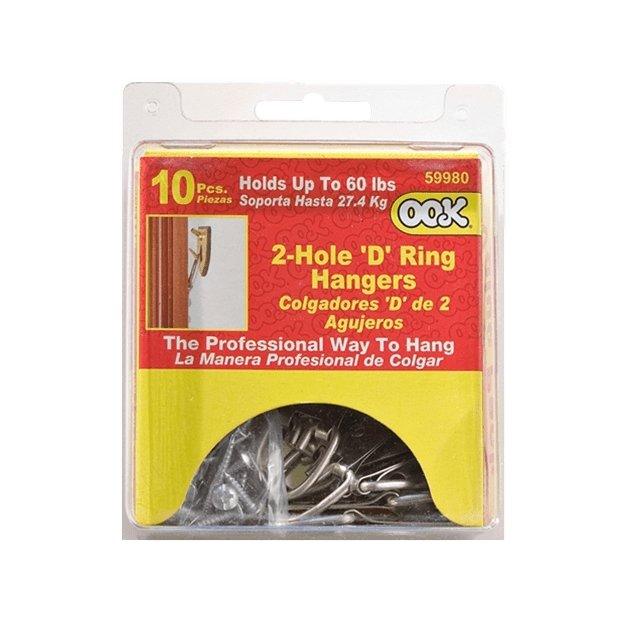 D Ring Hangers - Matuska Taxidermy Supply Company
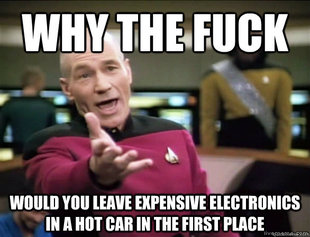Annoyed Picard HD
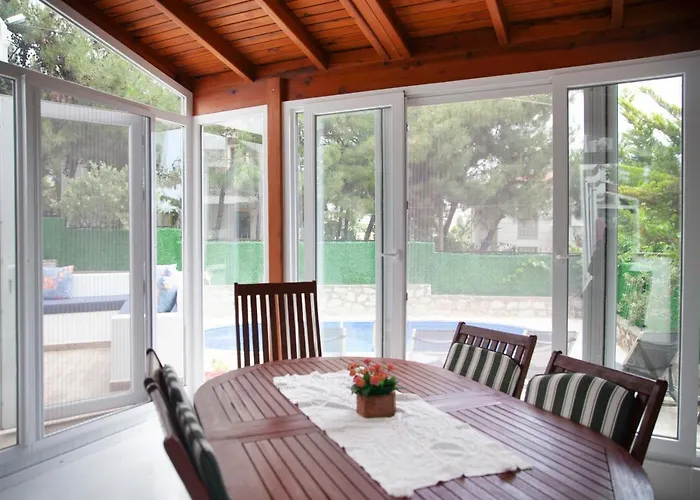 Dadya 2 - With Private Pool - 750m Distance To The * ダッチャ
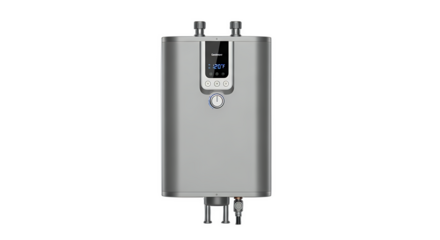 Water heater construction material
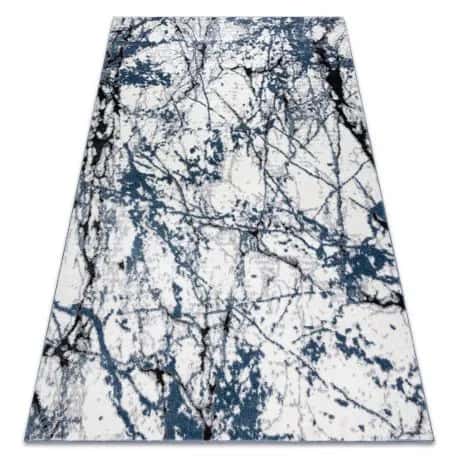 Dywan nowoczesny COZY 8871 Marble, Marmur - Strukturalny, dwa poziomy runa – miniatura 1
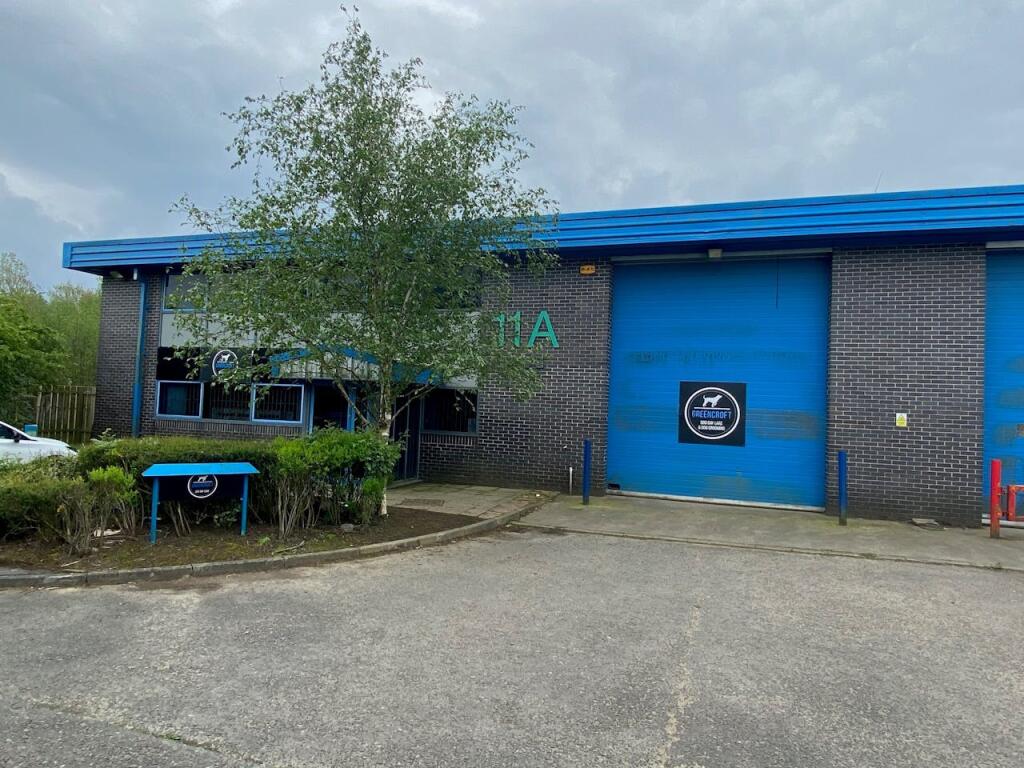 Primary image of Modern Industrial Unit To Let in Stanley, Unit 11A Greencroft Industrial Park, Annfield Plain, Stanley, DH9 7YB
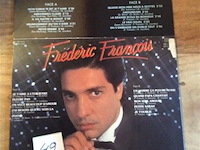 Lp 's f françois 2stuks - afbeelding 2 van  2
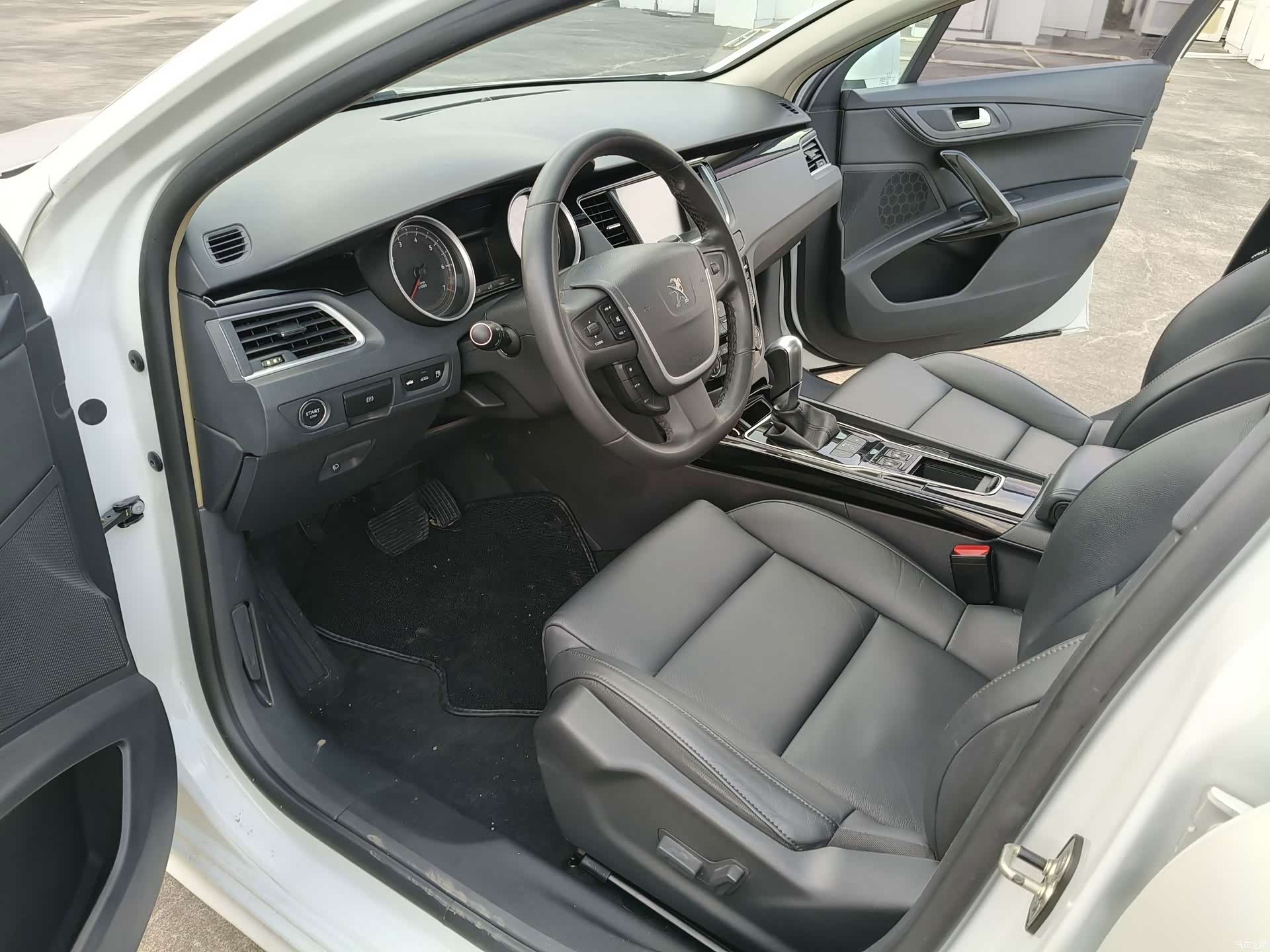 Peugeot 508, 2016 13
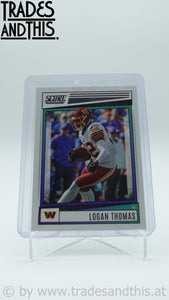 2022 Score Logan Thomas #253
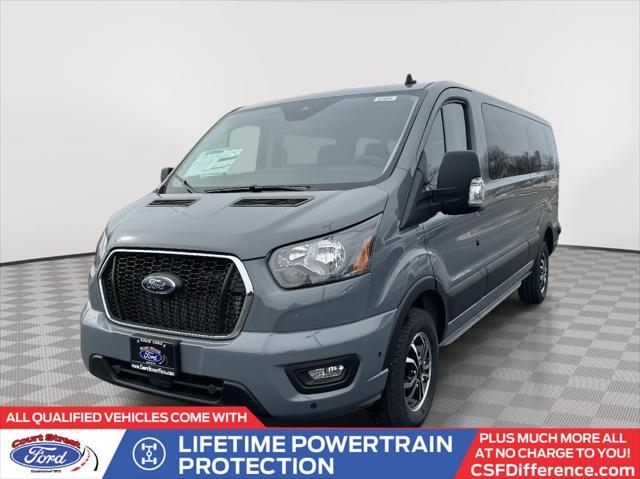 new 2025 Ford Transit-350 car, priced at $62,930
● ● ●
> [THE PROBLEM]: Your job is to copy each entry exactly as written; the pictures do not go in.

> [TASK ANSWER]:
 D Ring Hangers - Matuska Taxidermy Supply Company
Annoyed Picard HD
 Dadya 2 - With Private Pool - 750m Distance To The * ダッチャ
 Water heater construction material
 Dywan nowoczesny COZY 8871 Marble, Marmur - Strukturalny, dwa poziomy runa – miniatura 1
 Primary image of Modern Industrial Unit To Let in Stanley, Unit 11A Greencroft Industrial Park, Annfield Plain, Stanley, DH9 7YB
 Lp 's f françois 2stuks - afbeelding 2 van  2
 Peugeot 508, 2016 13
 2022 Score Logan Thomas #253
 new 2025 Ford Transit-350 car, priced at $62,930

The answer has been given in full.